> **WHAT THE TASK REQUIRES**:
Beneath this instruction is a block of data; output from it exactly the lines that run from the one containing "Un conductor se" through the one containing "Blurred silhouette of", inclusive.

━━━━━ SOURCE INFORMATION ━━━━━

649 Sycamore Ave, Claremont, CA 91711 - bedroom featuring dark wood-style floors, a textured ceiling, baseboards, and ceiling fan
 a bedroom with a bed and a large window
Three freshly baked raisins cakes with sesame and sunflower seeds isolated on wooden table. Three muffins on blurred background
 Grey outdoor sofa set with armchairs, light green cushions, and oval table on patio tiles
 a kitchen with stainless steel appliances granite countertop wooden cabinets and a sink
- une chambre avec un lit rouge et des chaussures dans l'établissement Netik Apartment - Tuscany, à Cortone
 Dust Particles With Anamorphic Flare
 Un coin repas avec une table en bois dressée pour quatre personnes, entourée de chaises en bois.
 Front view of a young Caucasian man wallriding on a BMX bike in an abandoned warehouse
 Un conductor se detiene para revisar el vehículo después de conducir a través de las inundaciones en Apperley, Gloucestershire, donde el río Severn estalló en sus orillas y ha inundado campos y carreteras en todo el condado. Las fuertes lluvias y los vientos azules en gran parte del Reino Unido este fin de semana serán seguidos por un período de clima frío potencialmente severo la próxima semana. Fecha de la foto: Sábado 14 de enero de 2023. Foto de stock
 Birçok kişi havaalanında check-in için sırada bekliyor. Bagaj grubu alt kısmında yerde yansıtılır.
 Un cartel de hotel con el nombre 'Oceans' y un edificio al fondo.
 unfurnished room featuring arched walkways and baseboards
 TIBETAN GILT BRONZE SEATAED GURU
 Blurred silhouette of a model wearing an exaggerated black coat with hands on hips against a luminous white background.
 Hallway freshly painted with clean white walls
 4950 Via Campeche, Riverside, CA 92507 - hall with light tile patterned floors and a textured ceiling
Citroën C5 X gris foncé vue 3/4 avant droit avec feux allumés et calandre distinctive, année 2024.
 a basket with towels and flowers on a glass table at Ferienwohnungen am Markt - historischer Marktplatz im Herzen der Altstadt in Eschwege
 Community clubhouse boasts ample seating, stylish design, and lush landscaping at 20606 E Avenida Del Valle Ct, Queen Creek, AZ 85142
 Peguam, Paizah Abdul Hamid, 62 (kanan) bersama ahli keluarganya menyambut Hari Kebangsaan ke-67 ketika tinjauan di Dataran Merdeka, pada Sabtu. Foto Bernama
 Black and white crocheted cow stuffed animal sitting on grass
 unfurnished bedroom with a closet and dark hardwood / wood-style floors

━━━━━

> **TASK SOLUTION**:
 Un conductor se detiene para revisar el vehículo después de conducir a través de las inundaciones en Apperley, Gloucestershire, donde el río Severn estalló en sus orillas y ha inundado campos y carreteras en todo el condado. Las fuertes lluvias y los vientos azules en gran parte del Reino Unido este fin de semana serán seguidos por un período de clima frío potencialmente severo la próxima semana. Fecha de la foto: Sábado 14 de enero de 2023. Foto de stock
 Birçok kişi havaalanında check-in için sırada bekliyor. Bagaj grubu alt kısmında yerde yansıtılır.
 Un cartel de hotel con el nombre 'Oceans' y un edificio al fondo.
 unfurnished room featuring arched walkways and baseboards
 TIBETAN GILT BRONZE SEATAED GURU
 Blurred silhouette of a model wearing an exaggerated black coat with hands on hips against a luminous white background.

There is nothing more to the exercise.